## Material supplied
┌────────

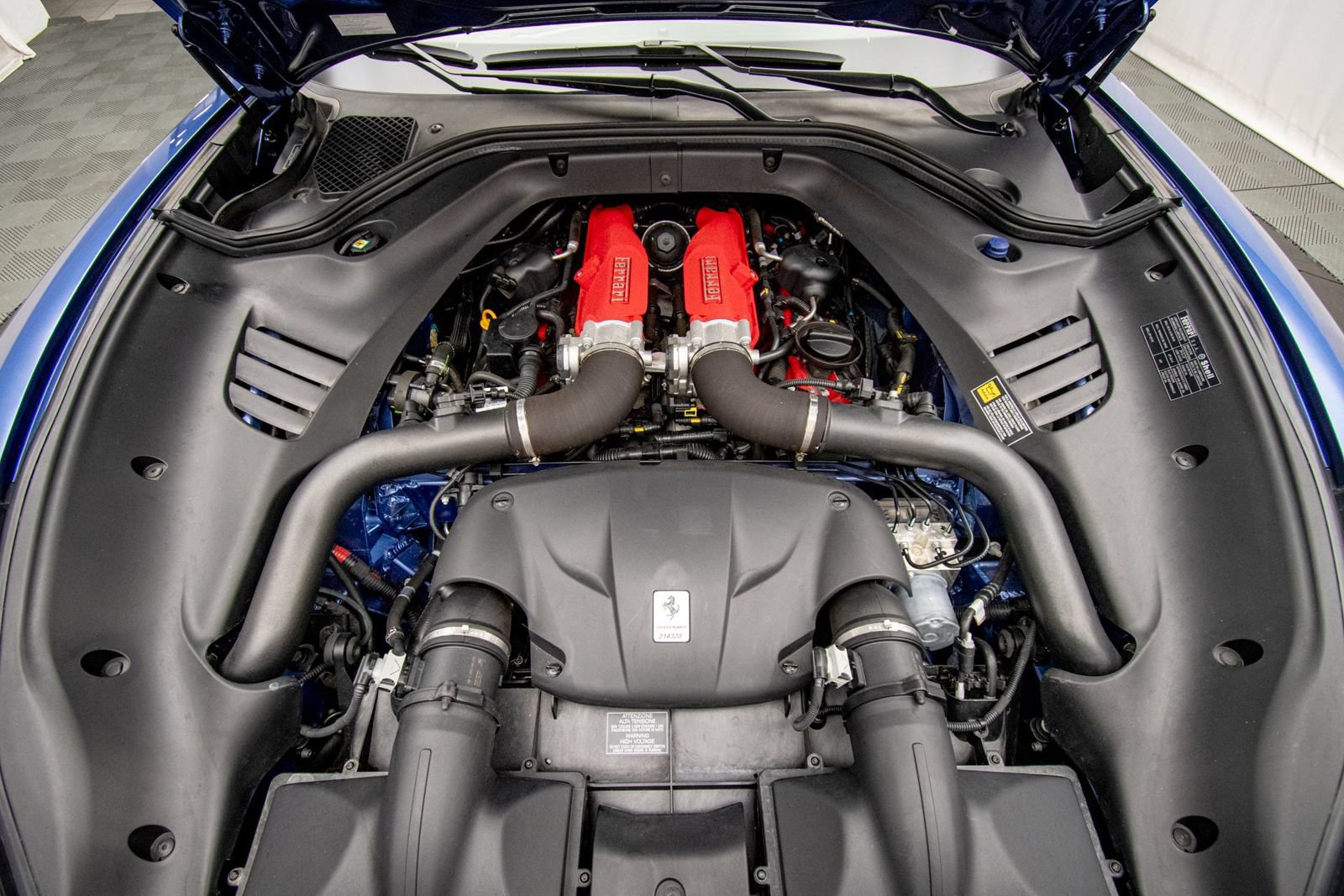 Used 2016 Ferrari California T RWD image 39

└────────
┌────────

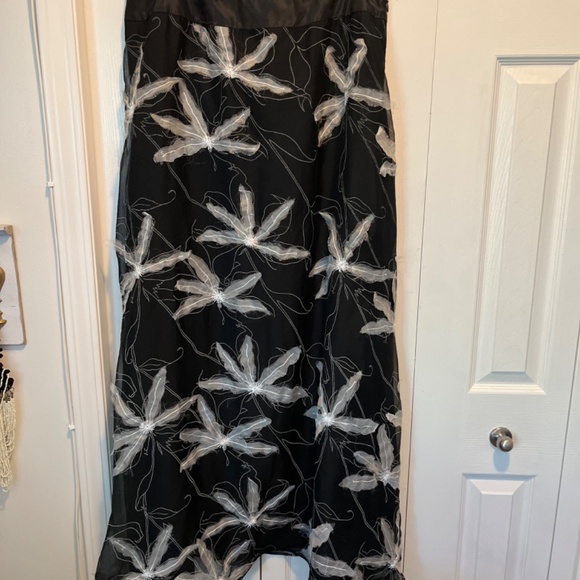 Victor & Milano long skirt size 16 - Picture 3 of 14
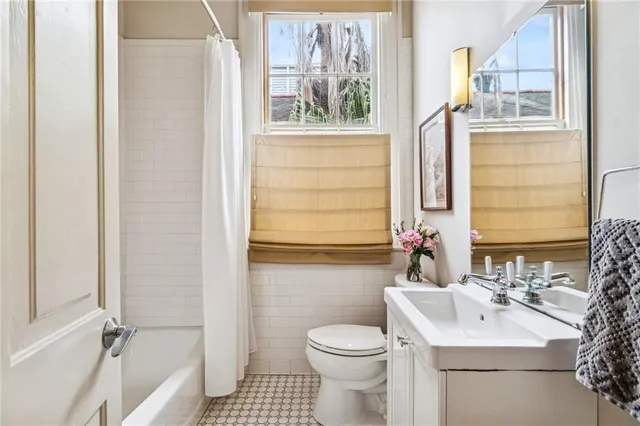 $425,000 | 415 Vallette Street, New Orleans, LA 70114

└────────

## Task details
For the entries above, print exactly the lines between the one with "Victor & Milano" and the one with "Orleans, LA 70114", inclusive, with no pictures.

## Exercise solution
 Victor & Milano long skirt size 16 - Picture 3 of 14
 $425,000 | 415 Vallette Street, New Orleans, LA 70114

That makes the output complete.